Y, cuanto más Javert se aproxima a la conciencia de ello, tanto más se atrinchera tras un baluarte de intransigencia, ya que su profesión no admite términos medios. Cuando nos aparece en la novela, ha llegado ya a ese momento, pero nadie lo sospecha, ni siquiera él. Su drama es, pues, durante la mayor parte del relato, algo externo a él, quizás advertido apenas por ecos interiores.
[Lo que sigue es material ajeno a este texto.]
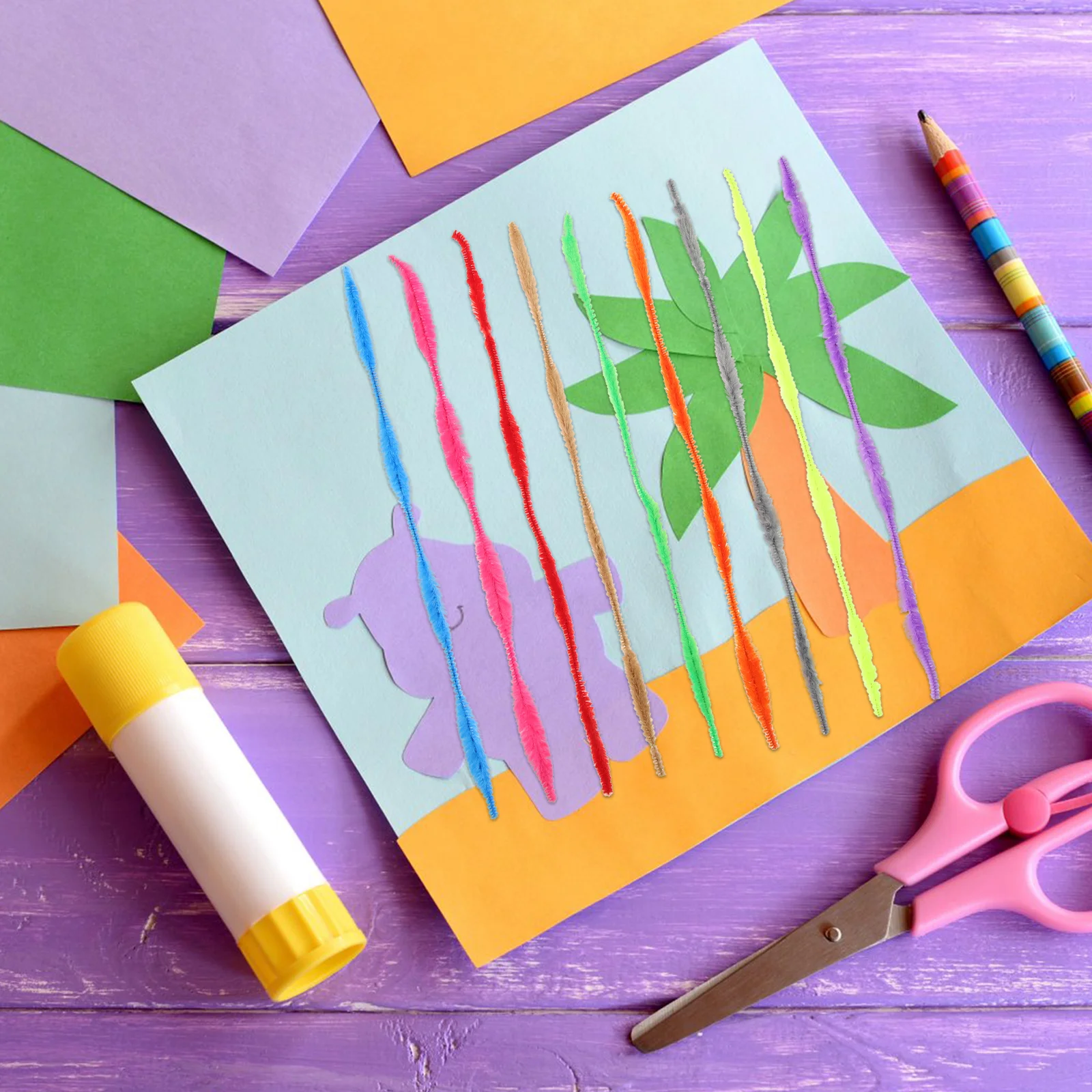 Assortiment de bâtons torsadés pliables, tiges en Chenille pour bricolage, projets artistiques pour enfants, jouets éducatifs créatifs, utilisation en classe, 200 pièces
Así vemos a este hombre tan justo obligado por un trá­gico destino a ofender continuamente, en el cumplimiento de su deber, toda justicia humana.

Sus víctimas son una desdichada mujerzuela callejera, Fantine (v.), y un presidiario evadido, Jean Valjean (v.), entrambos iluminados por una luz a la que Javert es fatalmente ciego. Cuando podrá verla, toda su vida quedará destruida y no le será posible construirse otra. Javert in­fringe entonces su deber por primera vez en su vida, al permitir que Jean Valjean escape en el momento mismo en que él le detiene, y cumple por última vez su misión al enviar a sus superiores un memorial de oficio; luego deja que el Sena le engulla.

En esa aceptación trágica de las dos per­sonalidades que Javert descubre en sí mis­mo, en ese dar al hombre y al policía un reconocimiento igual de sendos derechos, Javert se revela como una típica criatura victorhuguesca: su gesto es comparable al de Lantenac (v.) en Noventa y Tres (v.), que primero premia y después manda fusi­lar al artillero que, a bordo de una nave, ha expuesto la vida para fijar un cañón que por su culpa se había soltado.